Another young graduate of the same time, the Abbé Goux from Tou­louse, a student of the Carmelite School in Paris, went to consult Ozanam on the theses which he was preparing for his Doctorate. He was received with evident pleasure. Neither dinner, which was ready waiting, nor the frequent notification to that effect which was sent into him, nor the good taste of the student, who stood up several times to go, could defeat his insistent charity: “Please sit down: I shall indeed be disappointed if you leave so soon.” The theses submitted to Ozanam were none other than Lerins au r siecle and De Divi Thomae sermonibus. That candidate for the Doctor’s Degree became Bishop of Versailles, and was pleased to refer to that instance of kind­ness and courtesy in the following terms: “I shall never forget the graciousness with which M. Ozanam received me. I have experienced courtesy from many; but with him it was pure Christian charity. I was quite unknown to him, I would not again see him, yet he treated me as a friend and a brother.”

Cardinal Lavigerie, who was also a student of the Carmelite School, wrote to Ozanam’s widow: “I am happy, Madam, to be the means of conveying to you the blessing of Leo XIII and to discharge in a poor way my debt of gratitude to the good and illustrious deceased. He did not disdain to grant me guidance and patronage in those far off days, when I faced the examination for the Doctor of Literature in Paris. I little dreamt then that the honours, which I gained with his help, were to be carried later into African deserts.”

On every week day, except on the days of his lectures, Ozanam devoted from eight to ten o’clock in the morning to his students. They crowded into his study, as if it were a Cabinet Minister’s ante­chamber. He received them graciously, discussed with them at great length what concerned them, as if he had nothing else to think about or to do. Although that tore him from the work of his pre­dilection, yet he showed neither impatience nor regret.

I cannot include in the number of Ozanam’s students the candidates for the Academic Degrees. He sat as one of the examiners several times each year. It was in those examinations, more particularly in the B.A. Degree, that his patience was sorely tried—” I am over­whelmed with examinations for the Degrees of B.A., M.A., and Doctor. It is a tiresome business to spend long days listening to answers to questions. But it is still more tiresome to interview candi­dates and their parents seeking advice and favours; the sons whom they bring with them to make familiar with my appearance; and those who come later to know the causes of failure and the best way to make good; not counting the parents who lose their temper, who defend mistranslations vigorously, crying aloud against the injustice and unreasonableness of examiners.”

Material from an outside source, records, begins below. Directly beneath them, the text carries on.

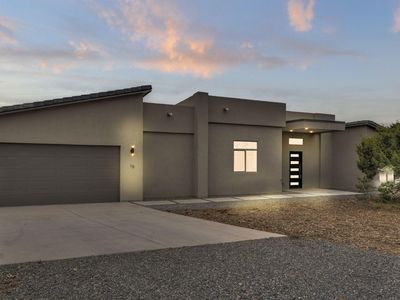 15 Meadowland Ct, Tijeras, NM, 87059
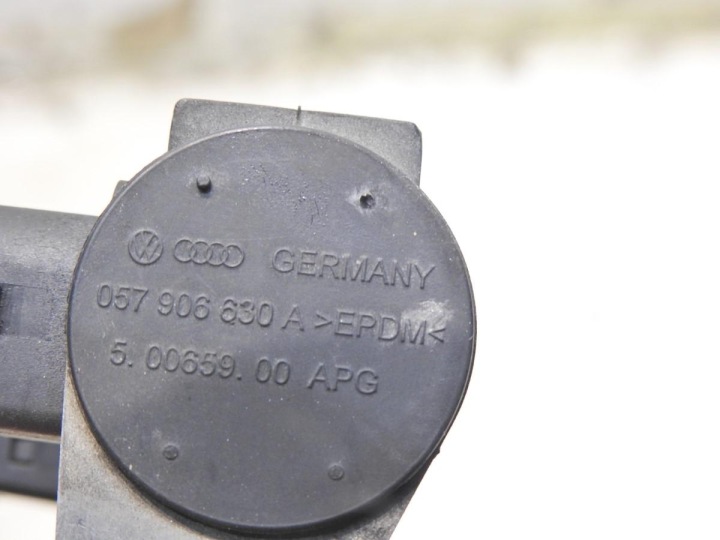 фото №7, Клапан тиску audi a8 d3 4.0 v8 tdi 057906630a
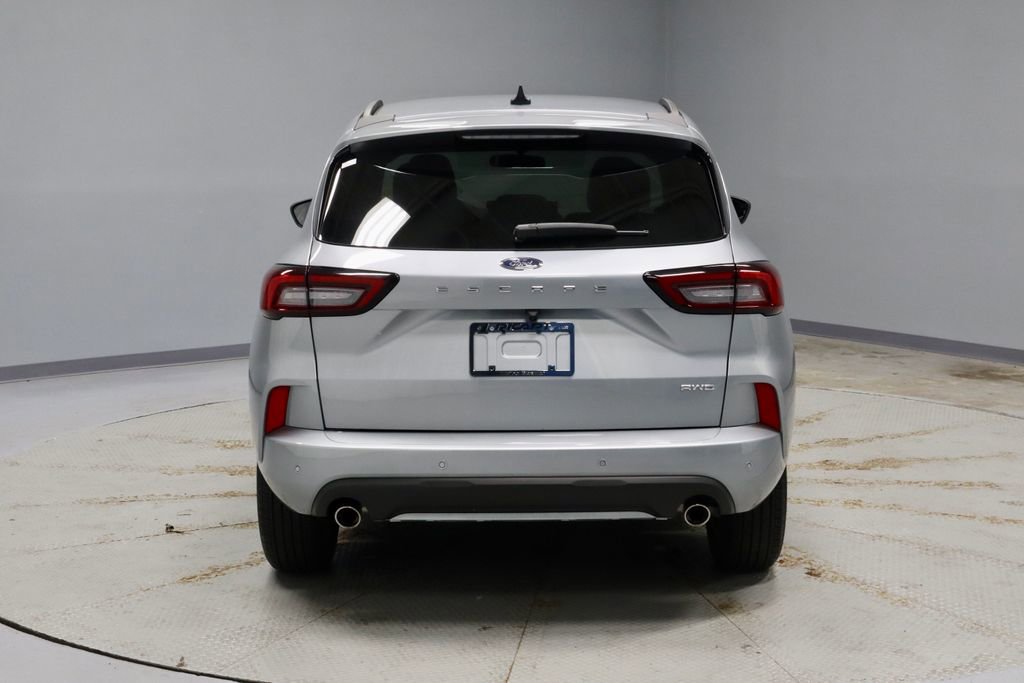 Certified 2024 Ford Escape ST-Line w/ Tech Pack #1 AWD/4WD image 12
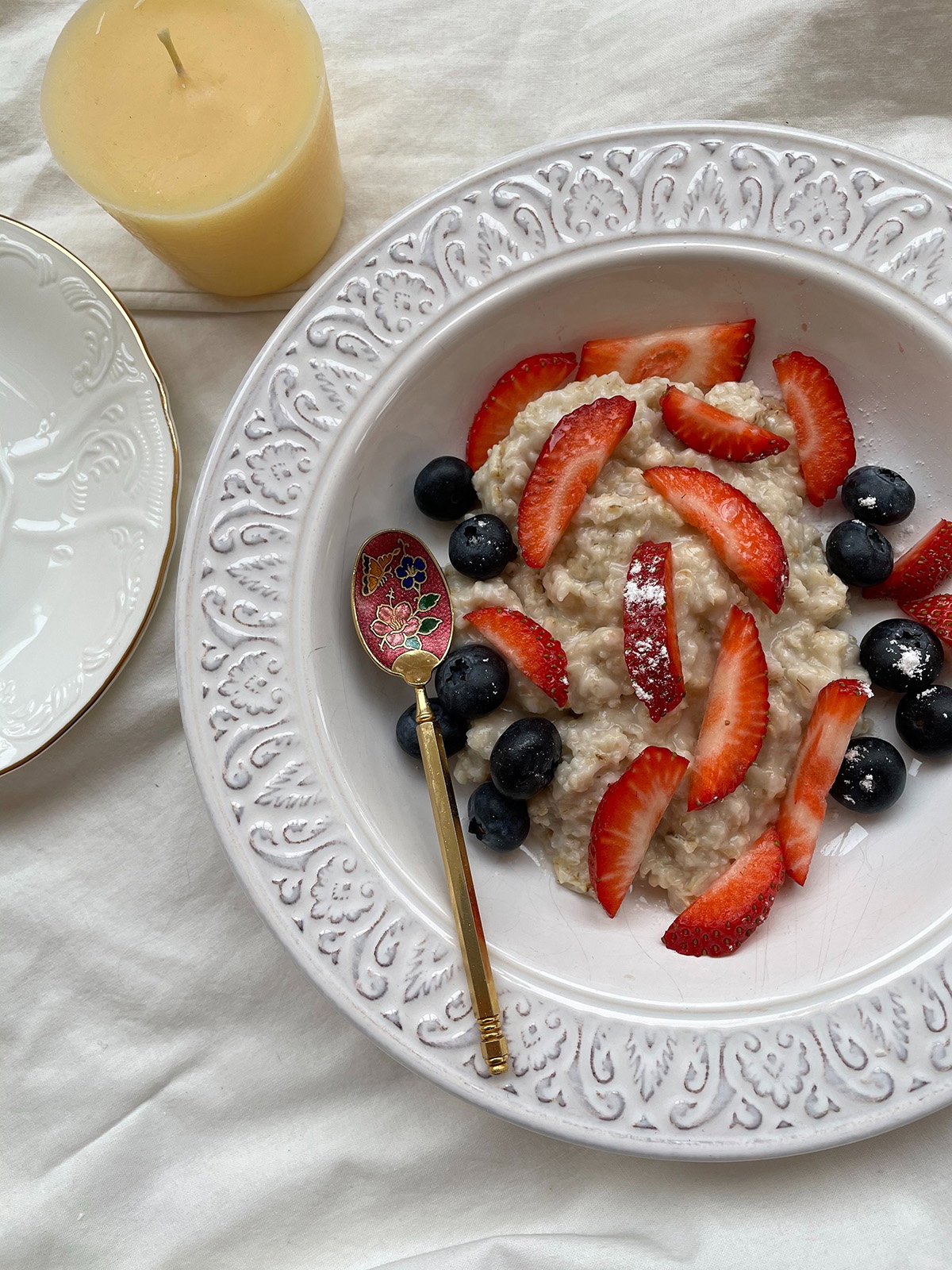 Porrdige mit Früchten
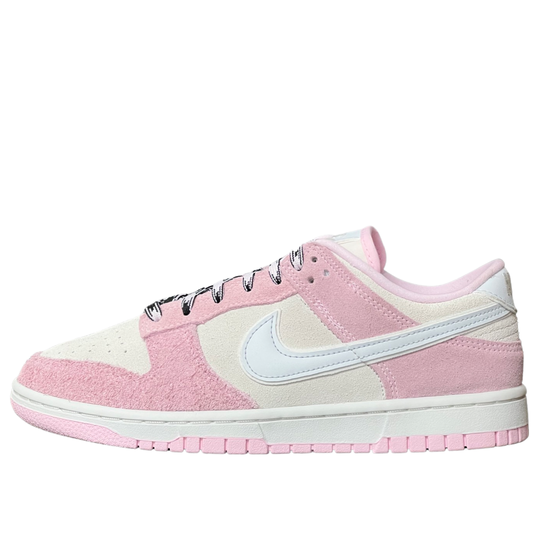 WMNS Nike Dunk Low LX Pink Foam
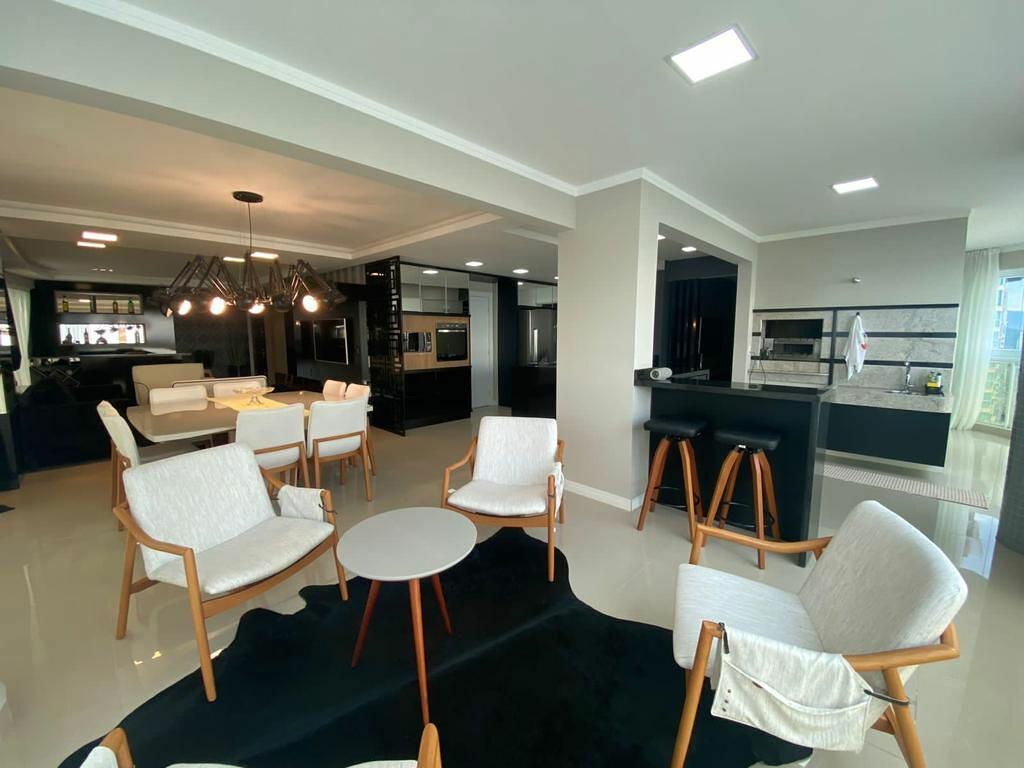 Apartamento, 4 quartos, 208 m² - Foto 9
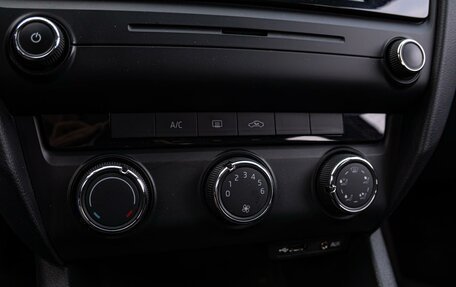 Skoda Octavia, 2015 год, 1 280 000 рублей, 13 фотография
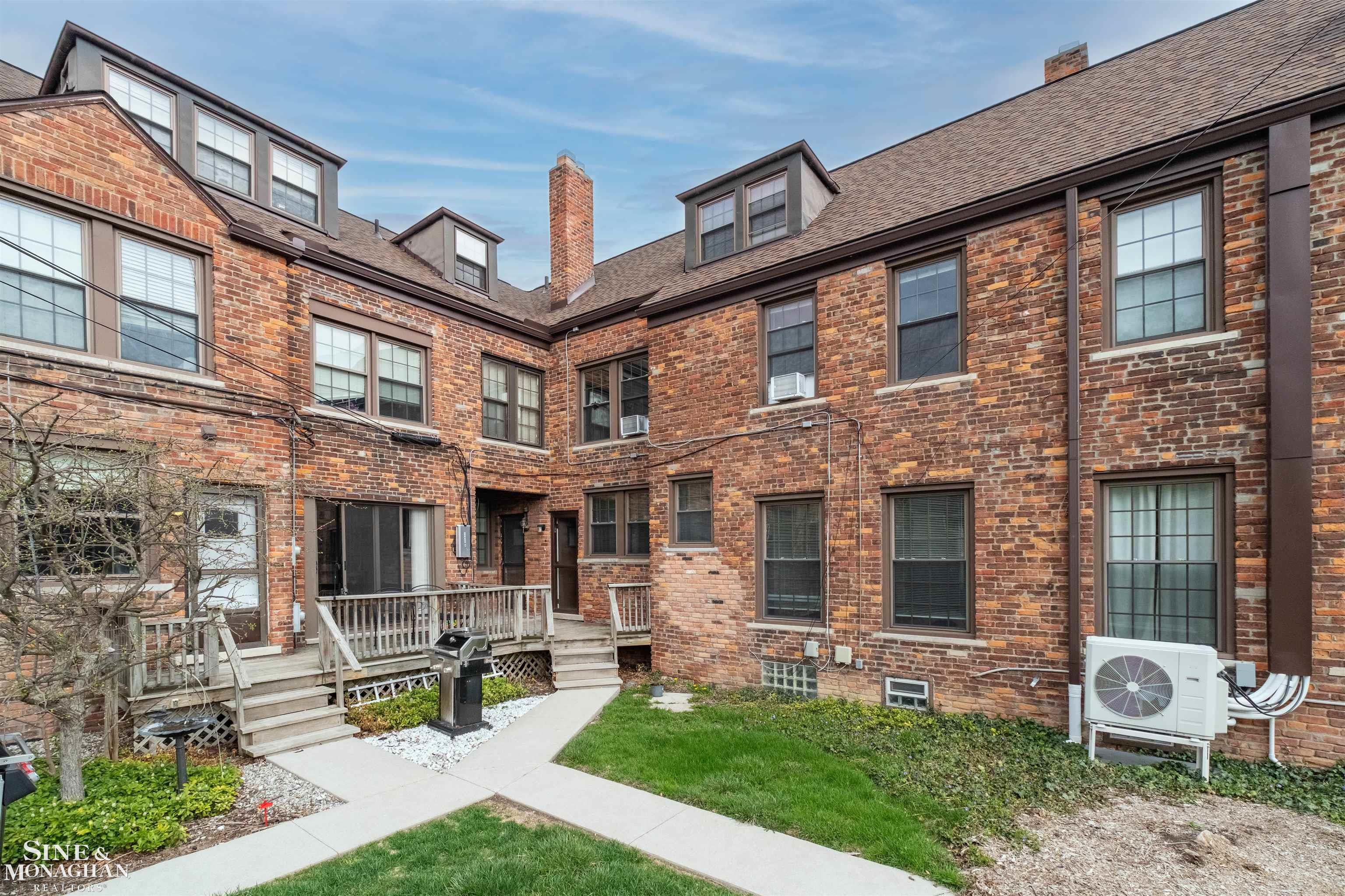 377 Rivard Boulevard Grosse Pointe, MI 48230 - Photo 38 of 45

He has described himself several times in his correspondence “Sitting at that blessed little green table, the Greek Professor on one side and the Mathematical on the other, between Examiners who are bored and candidates who are in difficulties, awaiting his turn to ask questions on History, Literature, Geography, of all lands and of all times. And what answers 1 Listen: ‘What Assembly preceded that of the States-General of 1789?’ The audience whisper: The notables.’ The candidate answers The notaries!’—The examiner proceeds “You are better acquainted with the history of Louis XIV’s age. What was the name of the Minister of Finance who was notorious for his mis­fortunes?’ The audience whisper ‘Fouquet.’ The candidate answers ‘Fould.’ Another informs him that Montesquieu was a great Bishop! Ozanam admits that the pen fell from his fingers.

Ozanam was severe as an examiner, particularly severe in the case of those candidates in whom he was interested, still more so in the case of ecclesiastics, on whom rested the obligation of settling a standard of knowledge. On enquiry as to the cause of failure of a young eccles­iastical student, Ozanam pointed out in detail the mistakes in composi­tion which he had made, and added with severity: “Dear Rev. Father, -1′ the habit which you wear requires, nay commands, us to be more exacting. When one aspires to the honour of the priestly state, one must not run the risk of compromising its dignity by such failure. Noblesse oblige.”

M. Maxime de Montrond relates, on the other hand, that he never, at any examination at which he assisted, allowed any attack on the Church or on religion to pass unchallenged: “On one occasion a young free-thinking Italian, a candidate for the Licentiate, had hypnotised the Board of Examiners with his charming eloquence. Ozanam’s turn for examination arrived: “Sir,” he said in an incisive voice, “I admire your ability but not your knowledge. You have not done justice to the Fathers of the Church in accusing them of having arrested the course of civilisation. You are not right in that; you would have done better on the contrary in asserting that they quickened its march.” There was general assent to that statement.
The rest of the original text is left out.